Create a file secrets.json in the root directory and put your wandb API key.{ "WANDB_API_KEY": "YOUR_API_KEY" }
python train.py --data_path DATA_PATH [--emb_size EMB_SIZE] [--random_seed RANDOM_SEED]
[--batch_size BATCH_SIZE] [--epochs EPOCHS] [--learning_rate LEARNING_RATE]
[--weight_decay WEIGHT_DECAY] [--step_size STEP_SIZE] [--gamma GAMMA]
[--patience PATIENCE] [--model_name MODEL_NAME] [--metrics_csv_name METRICS_CSV_NAME]
[--silent] [--log_wandb]
- --data_path: Path to the CSV file containing the ratings data.
- --emb_size: Size of the embedding for users and items. Default is 100.
- --random_seed: Random seed for reproducibility. Default is 42.
- --batch_size: Batch size for training. Default is 64000.
- --epochs: Number of epochs for training. Default is 100.
- --learning_rate: Learning rate for optimizer. Default is 0.001.
- --weight_decay: Weight decay for optimizer. Default is 1e-5.
- --step_size: Step size for learning rate scheduler. Default is 10.
- --gamma: Gamma value for learning rate scheduler. Default is 0.1.
- --patience: Patience for early stopping based on validation loss. Default is 3.
- --model_name: Name of the trained model file to be saved. Default is 'mf_model.pth'.
- --metrics_csv_name: Name of the CSV file to save the training metrics. Default is 'metrics.csv'.
- --silent: Whether to hide verbose output during training.
- --log_wandb: Whether to log metrics into weights and bias (wandb.ai).
python test.py --data_path DATA_PATH --model_path MODEL_PATH [--batch_size BATCH_SIZE] [--random_seed RANDOM_SEED]
- --data_path: Path to the CSV file containing the ratings data.
- --model_path: Path to the trained model file to be loaded for testing.
- --batch_size: Batch size for testing. Default is 64000.
- --random_seed: Random seed for reproducibility. Default is 42.
python inference.py --data_path DATA_PATH --model_path MODEL_PATH --user_id USER_ID [--n_items N_ITEMS]
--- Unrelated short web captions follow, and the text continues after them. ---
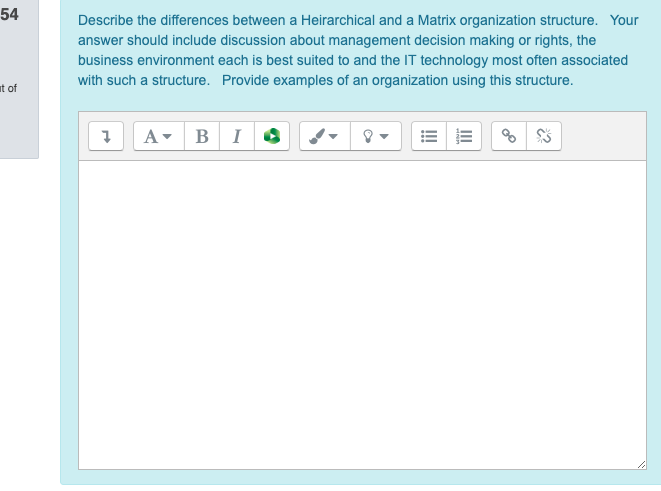 54 Describe the differences between a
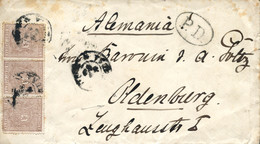 Ø 153(3) En Sobre De Vigo A Oldemburg (Alemania), El Año 1874. Mat. Fechador Poco Legible Que Se Repite En El Frente. "P - Cartas & Documentos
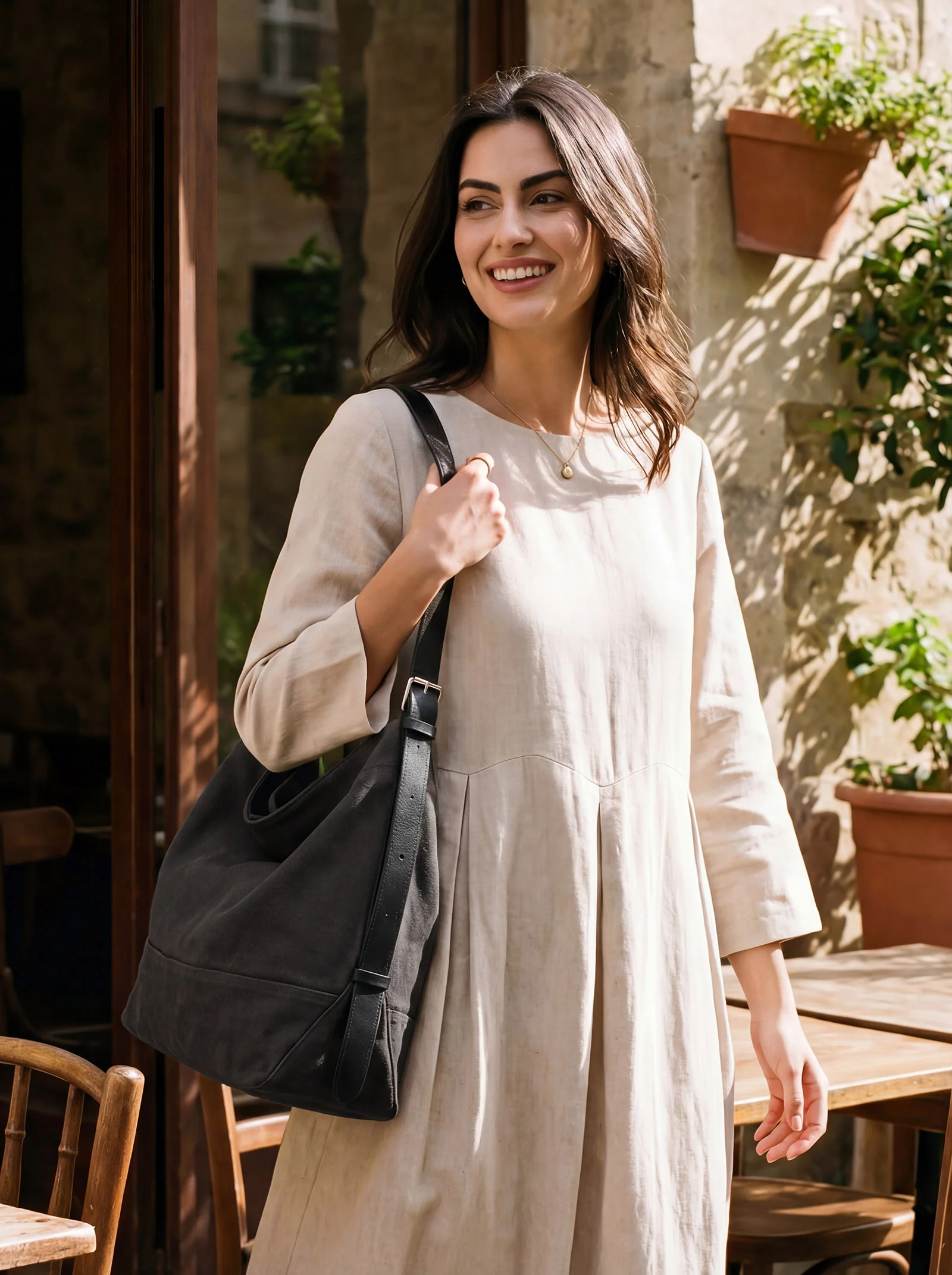 Large Canvas Tote Shoulder Bag Slouchy Relaxed Fit Hobo Bag - Image 8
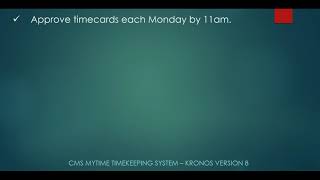Approving Timecards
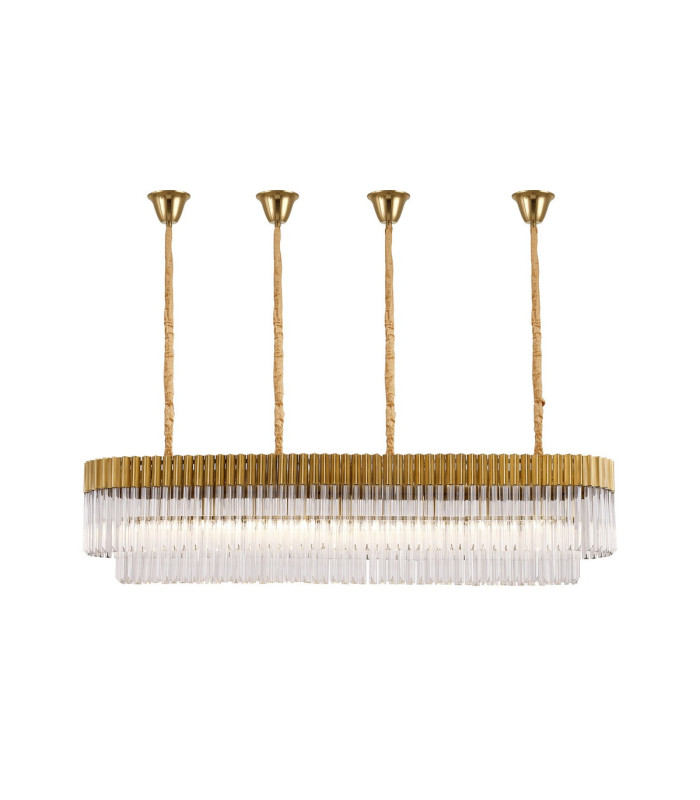 Poland 180 x 40cm Linear Pendant Bell Cup 9 Light E14 Brass/Clear Sculpted Glass Item Weight: 44kg-1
- --data_path: Path to the CSV file containing the ratings data.
- --model_path: Path to the trained model file to be loaded for testing.
- --user_id: The id of the user for whom item is to be recommended.
- --n_items: The top n number of items to be recommended to the user. Default is 10.
python plot.py --metrics_csv_path METRICS_CSV_PATH [--patience PATIENCE] [--file_name FILE_NAME]
- --metrics_csv_path: Path to the CSV file containing the mertics data. [ CSV file with column names: 'Epoch', 'Train Loss', 'Val Loss' ]
- --patience: Patience for early stopping. Default is None.
- --file_name: The name for saving the plot. Default is loss_curve.png.
- Matrix Factorization Techniques for Recommender Systems (Y. Koren, R. Bell and C. Volinsky, "Matrix Factorization Techniques for Recommender Systems," in Computer, vol. 42, no. 8, pp. 30-37, Aug. 2009, doi: 10.1109/MC.2009.263.)